WORK ORDER =
Every line below should be copied exactly; drop the pictures.

AVAILABLE DATA =
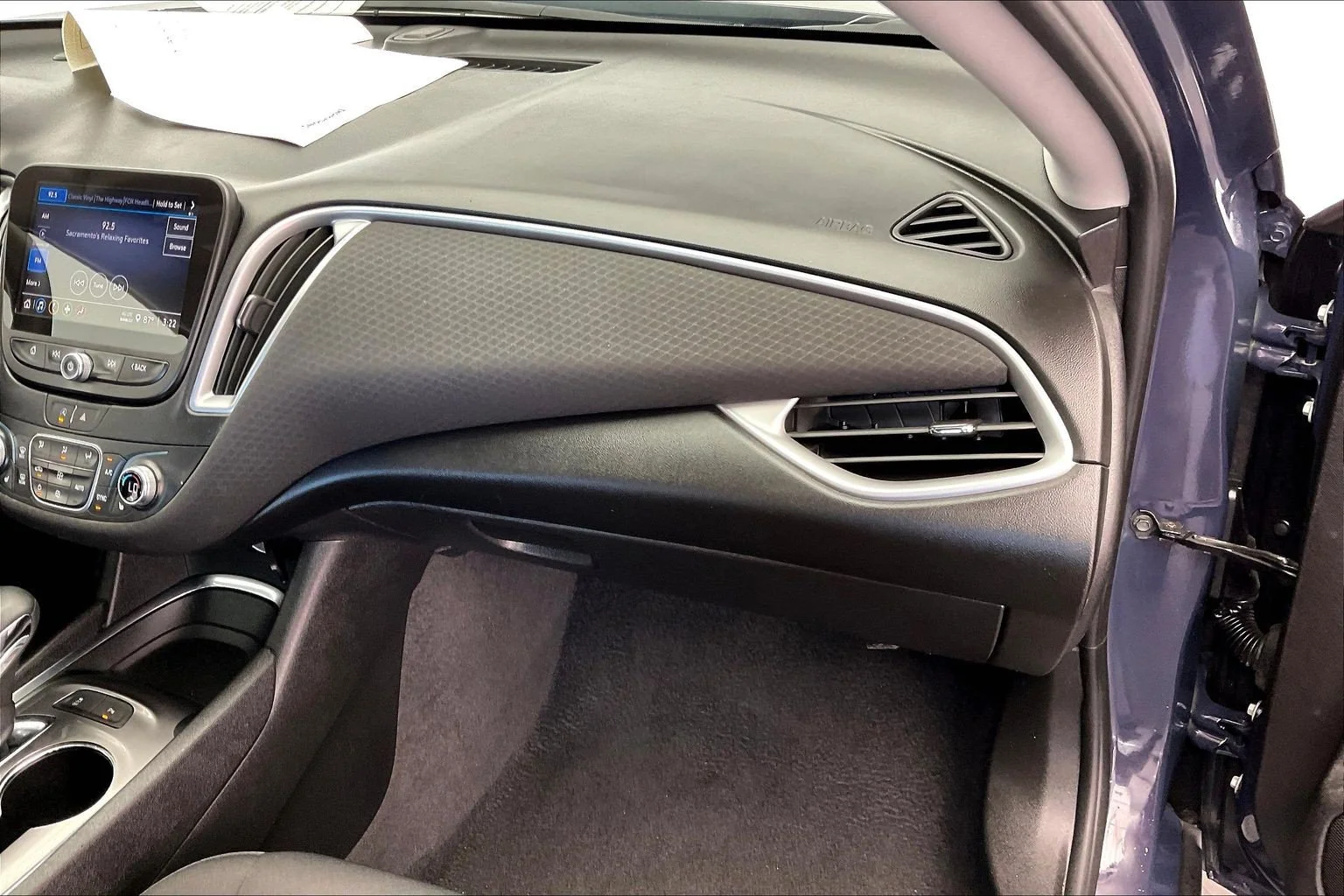 Used 2025 Night Shade Metallic Chevrolet LT image 15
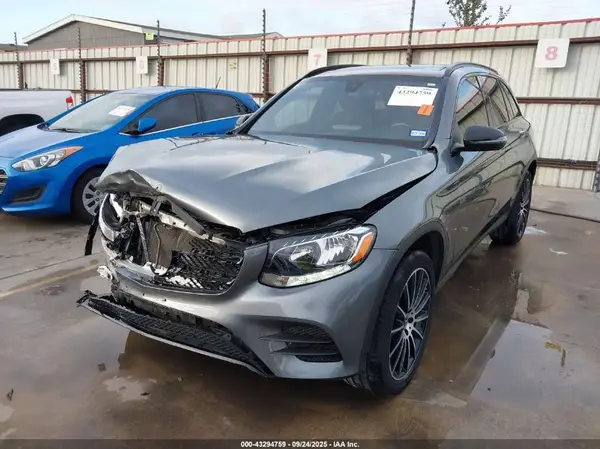 WDC0G4JB5KV128382 2019 MERCEDES-BENZ GLC - Image 2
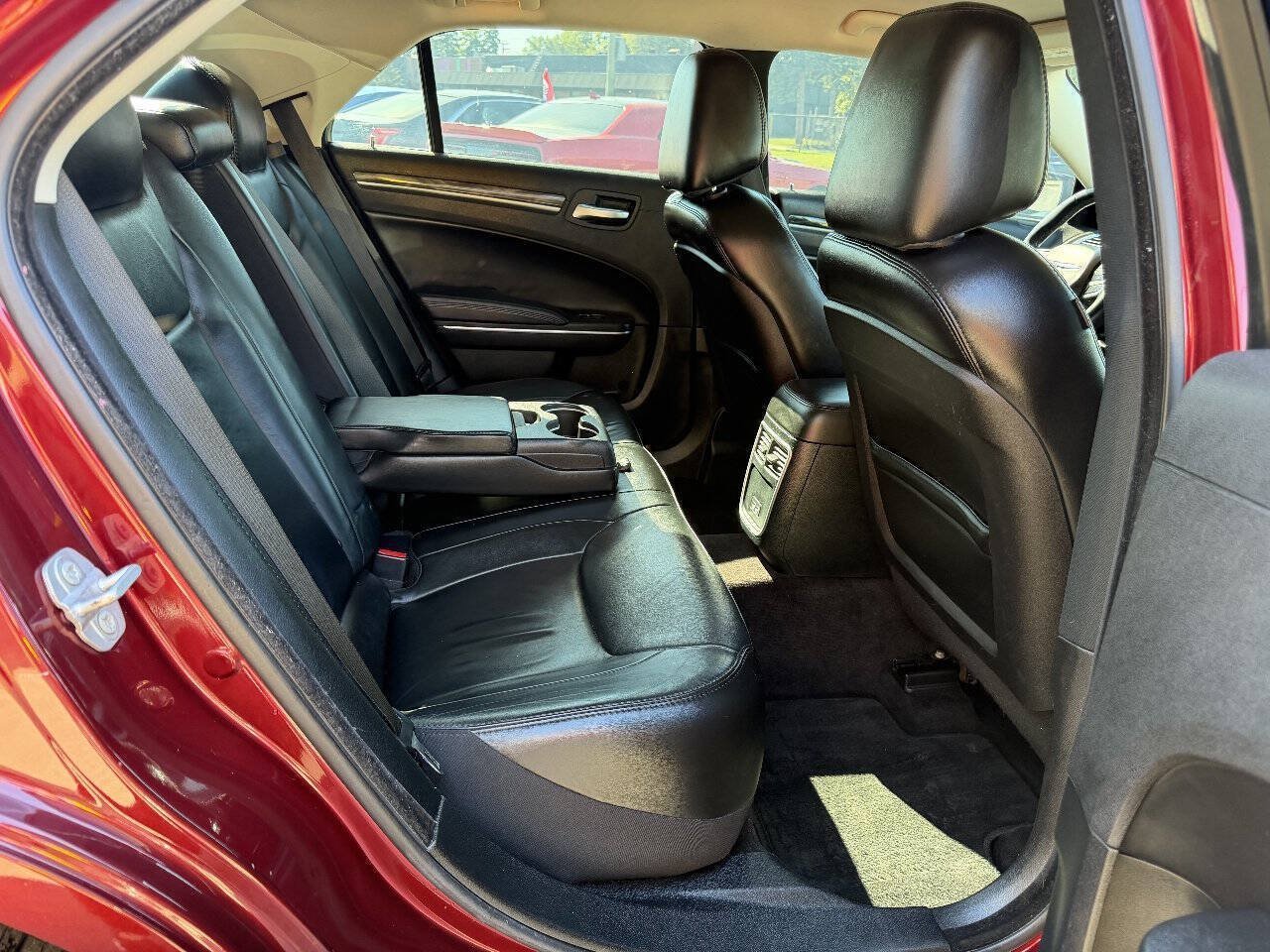 Used 2017 Chrysler 300 Limited RWD image 17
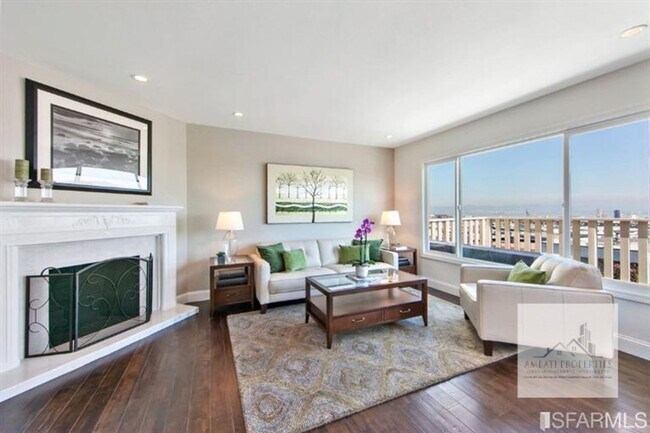 Building Photo - Bernal Heights Oasis: Stunning Renovated View Home with Modern Chic Open House Sunday 1/18 2-4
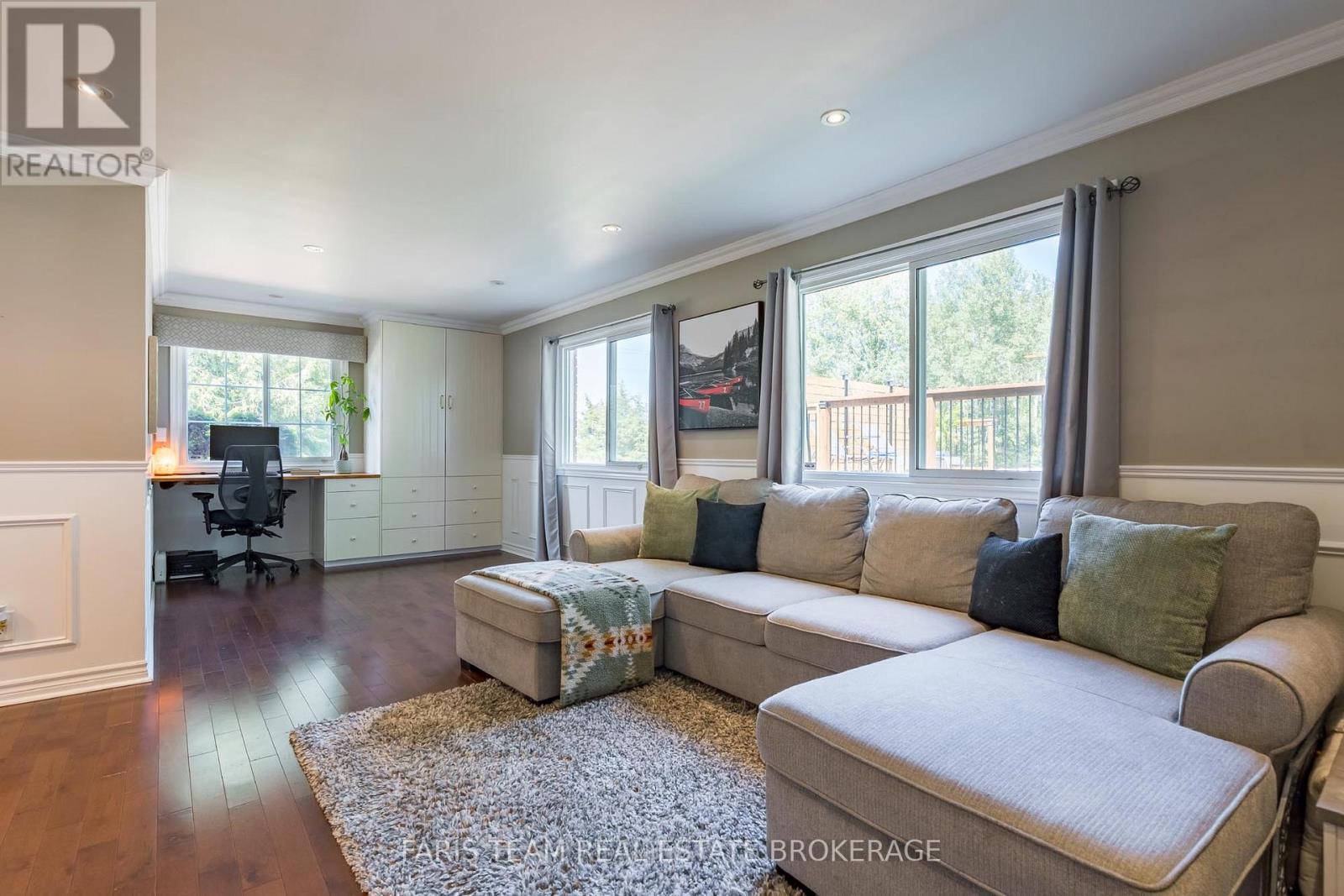 1765 FLOS ROAD 4 W - Image 33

TASK SOLUTION =
 Used 2025 Night Shade Metallic Chevrolet LT image 15
 WDC0G4JB5KV128382 2019 MERCEDES-BENZ GLC - Image 2
 Used 2017 Chrysler 300 Limited RWD image 17
 Building Photo - Bernal Heights Oasis: Stunning Renovated View Home with Modern Chic Open House Sunday 1/18 2-4
 1765 FLOS ROAD 4 W - Image 33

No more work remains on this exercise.